Every now and then a goat has to be culled. Today, our dear Carlotta had to go to “freezer camp”. Because of our appreciation of God’s creatures and our love for all our goats, we try to do this as gently and as humanly as possible.

Carlotta, one of our registered Alpine does, was getting older, 8 ½ to be exact, and was beginning to be difficult to deal with, nervous and afraid of her own shadow. She had some really gorgeous kids, however, this year we were not able to get her bred. She went in with our handsome Alpine buck, Bat Man, over and over again, every 21 days. This past Friday, she was in heat again. We were pretty bummed out because she is a terrific milker, over a gallon a day, and very easy to milk. However, the inability to be bred, along with her age, and with the developed skittishness, we realized we had to make a very difficult decision. Ken called the processor and found that we could bring her first thing this morning.

At 5:45 a.m. we were up, and out feeding all the goats, bringing in firewood, checking the hay feeders, and making sure the heated water buckets were all topped off. We have a small crate called a “Goat Tote” which we had loaded on the truck yesterday, and lined the bottom with hay. It has a nice well fitting cover that zips on to keep the goat or goats being transported, warm and cozy. Ken

backed the truck up to the little porch on our barn, and Carlotta was caught and loaded. We stayed with our regular feeding routine, Carlotta had eaten along with her pen mates. She was lured with whole corn before finally cornering her. She did load very easily, however. All of our other goats come running like crazy to greet us when ever we go into the barn, so we had to work around all of our more than willing “helpers”.

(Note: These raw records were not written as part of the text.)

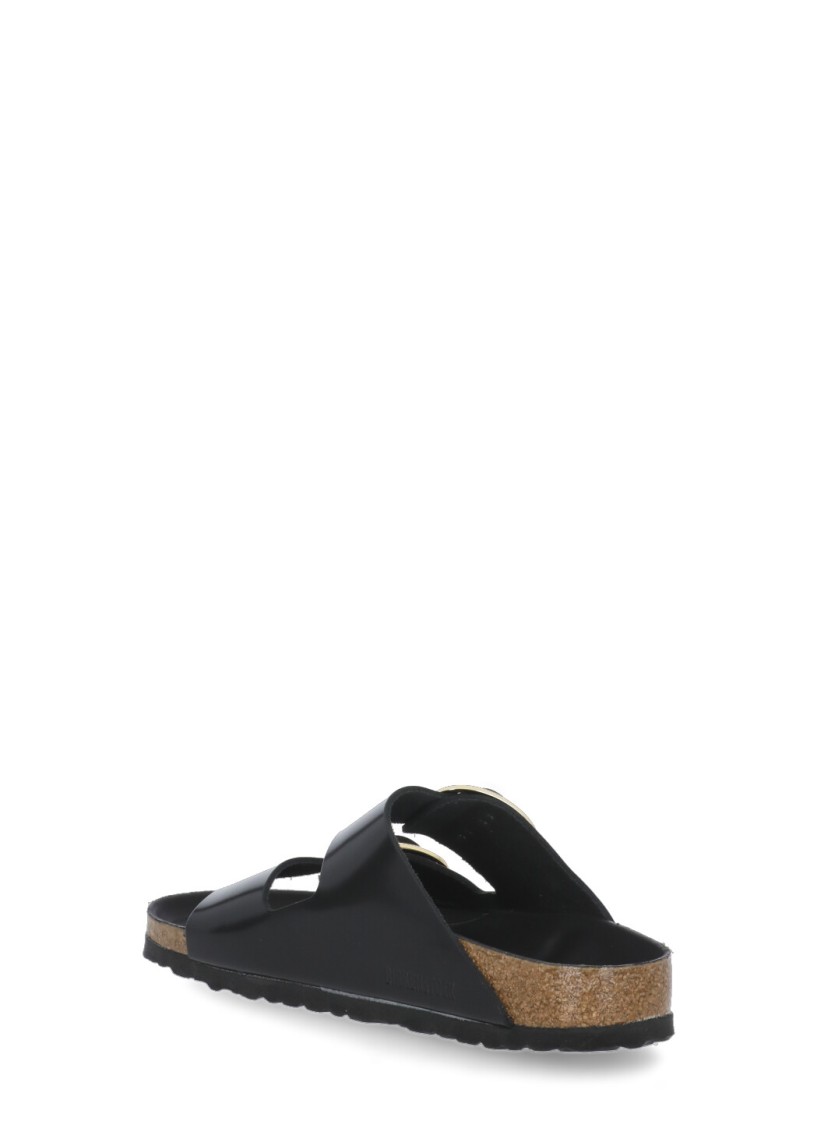 Birkenstock Arizona Big Buckle Nubuck Sandals In Black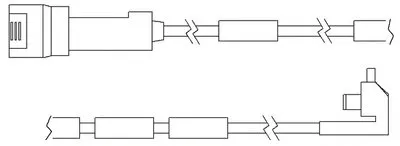 Сигнализатор, износ тормозных колодок KAWE купить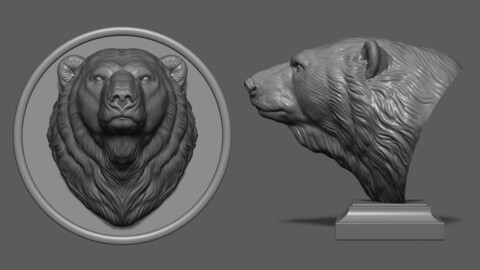 Polar bear bust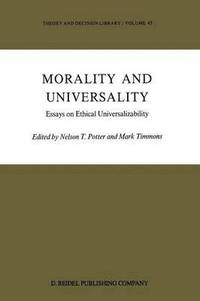 bokomslag Morality and Universality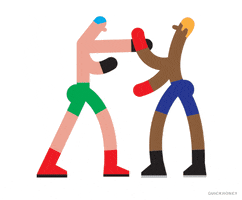 Fight Illustration GIF by PEEKASSO
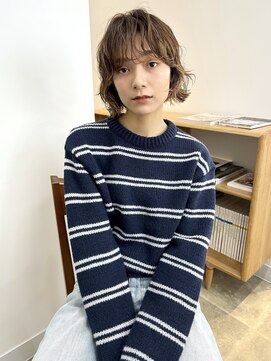 ハイフ(haif) 【haif】パーマボブ レイヤーカット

The ride to the processor was uneventful. The back roads are all covered with frozen solid, well packed, very shiny snow, better known as ice. So it did take longer than the usual 45 minutes.

When we got there, Carlotta was very calm, a lot calmer than she had been in the last two months. She unloaded quickly and easily. The USDA inspector looked her over and approved, then we said goodby, took off her collar, and she proceeded into the final area. By the time we were at the end of their driveway, it was all done.

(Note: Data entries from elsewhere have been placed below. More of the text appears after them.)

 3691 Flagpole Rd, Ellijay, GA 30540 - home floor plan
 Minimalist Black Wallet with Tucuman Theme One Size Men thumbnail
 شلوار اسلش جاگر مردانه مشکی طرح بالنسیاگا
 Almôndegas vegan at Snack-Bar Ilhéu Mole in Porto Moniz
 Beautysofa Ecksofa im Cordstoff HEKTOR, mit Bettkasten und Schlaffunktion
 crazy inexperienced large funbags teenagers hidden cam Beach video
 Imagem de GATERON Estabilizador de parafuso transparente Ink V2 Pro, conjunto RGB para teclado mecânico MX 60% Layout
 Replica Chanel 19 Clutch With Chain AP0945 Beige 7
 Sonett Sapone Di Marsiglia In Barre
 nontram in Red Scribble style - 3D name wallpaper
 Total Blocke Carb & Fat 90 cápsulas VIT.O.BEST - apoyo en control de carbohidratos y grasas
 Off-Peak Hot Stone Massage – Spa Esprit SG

In about a week we’ll go and pick up the cut, wrapped, and flash frozen meat. 

Even with all today’s activities, after we returned home from the processor, it was back to normal. When we came down the driveway all the goats were gathered around the hay feeder happily chewing their cuds on a warmer than usual, sunny, winter’s day.

Living on a goat farm is not always lollipops and rainbows. Some of our favorite goats have gone the same way as Carlotta did. Injuries happen, once in a while we may have a kid who just fails to thrive, and like Carlotta, circumstances beyond our control mandate a quick end.

Let me encourage you to never, ever, pass on a problem goat, either by sale to a unwitting customer or to an auction. Passing on these goats can ruin your reputation permanently. We bring our culls to a USDA processor on an appointed date and time. Within minutes of taking the goats off the truck, they are dispatched. We do have our State of Maine red meat license, so we are able to sell the meat both at our farm and at farmers’ markets.